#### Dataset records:
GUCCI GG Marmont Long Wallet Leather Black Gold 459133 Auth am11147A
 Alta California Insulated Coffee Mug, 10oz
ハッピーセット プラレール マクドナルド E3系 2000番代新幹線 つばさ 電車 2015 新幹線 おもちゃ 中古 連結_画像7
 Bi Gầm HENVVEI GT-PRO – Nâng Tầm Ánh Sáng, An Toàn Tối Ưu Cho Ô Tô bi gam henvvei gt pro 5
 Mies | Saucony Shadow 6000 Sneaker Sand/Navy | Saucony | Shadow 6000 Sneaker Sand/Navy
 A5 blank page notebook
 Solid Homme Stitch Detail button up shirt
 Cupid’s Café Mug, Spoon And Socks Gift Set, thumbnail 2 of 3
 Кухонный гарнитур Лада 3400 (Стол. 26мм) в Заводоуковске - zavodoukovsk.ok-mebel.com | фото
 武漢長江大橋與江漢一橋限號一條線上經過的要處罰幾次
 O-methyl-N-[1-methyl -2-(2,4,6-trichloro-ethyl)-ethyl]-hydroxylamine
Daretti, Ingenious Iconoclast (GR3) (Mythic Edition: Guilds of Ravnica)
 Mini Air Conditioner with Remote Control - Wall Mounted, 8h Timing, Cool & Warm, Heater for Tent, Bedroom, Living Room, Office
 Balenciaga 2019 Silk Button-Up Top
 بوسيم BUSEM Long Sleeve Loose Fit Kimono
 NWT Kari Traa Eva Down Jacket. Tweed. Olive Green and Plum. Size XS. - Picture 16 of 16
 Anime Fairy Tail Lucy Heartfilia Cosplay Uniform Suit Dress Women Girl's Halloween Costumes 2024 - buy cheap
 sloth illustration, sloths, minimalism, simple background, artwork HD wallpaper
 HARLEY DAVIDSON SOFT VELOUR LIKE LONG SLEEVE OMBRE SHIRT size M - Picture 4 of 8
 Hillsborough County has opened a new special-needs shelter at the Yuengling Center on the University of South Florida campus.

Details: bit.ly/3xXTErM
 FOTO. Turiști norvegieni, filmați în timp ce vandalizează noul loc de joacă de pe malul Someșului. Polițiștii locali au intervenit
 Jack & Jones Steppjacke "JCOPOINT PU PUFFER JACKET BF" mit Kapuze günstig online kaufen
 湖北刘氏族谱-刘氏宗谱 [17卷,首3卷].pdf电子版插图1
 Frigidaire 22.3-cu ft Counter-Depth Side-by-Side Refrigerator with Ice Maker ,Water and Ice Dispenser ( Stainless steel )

#### Exercise objective:
Please print exactly the lines from the one containing "NWT Kari Traa" through the last line of the records, both included, and nothing else.

#### Written response:
 NWT Kari Traa Eva Down Jacket. Tweed. Olive Green and Plum. Size XS. - Picture 16 of 16
 Anime Fairy Tail Lucy Heartfilia Cosplay Uniform Suit Dress Women Girl's Halloween Costumes 2024 - buy cheap
 sloth illustration, sloths, minimalism, simple background, artwork HD wallpaper
 HARLEY DAVIDSON SOFT VELOUR LIKE LONG SLEEVE OMBRE SHIRT size M - Picture 4 of 8
 Hillsborough County has opened a new special-needs shelter at the Yuengling Center on the University of South Florida campus.

Details: bit.ly/3xXTErM
 FOTO. Turiști norvegieni, filmați în timp ce vandalizează noul loc de joacă de pe malul Someșului. Polițiștii locali au intervenit
 Jack & Jones Steppjacke "JCOPOINT PU PUFFER JACKET BF" mit Kapuze günstig online kaufen
 湖北刘氏族谱-刘氏宗谱 [17卷,首3卷].pdf电子版插图1
 Frigidaire 22.3-cu ft Counter-Depth Side-by-Side Refrigerator with Ice Maker ,Water and Ice Dispenser ( Stainless steel )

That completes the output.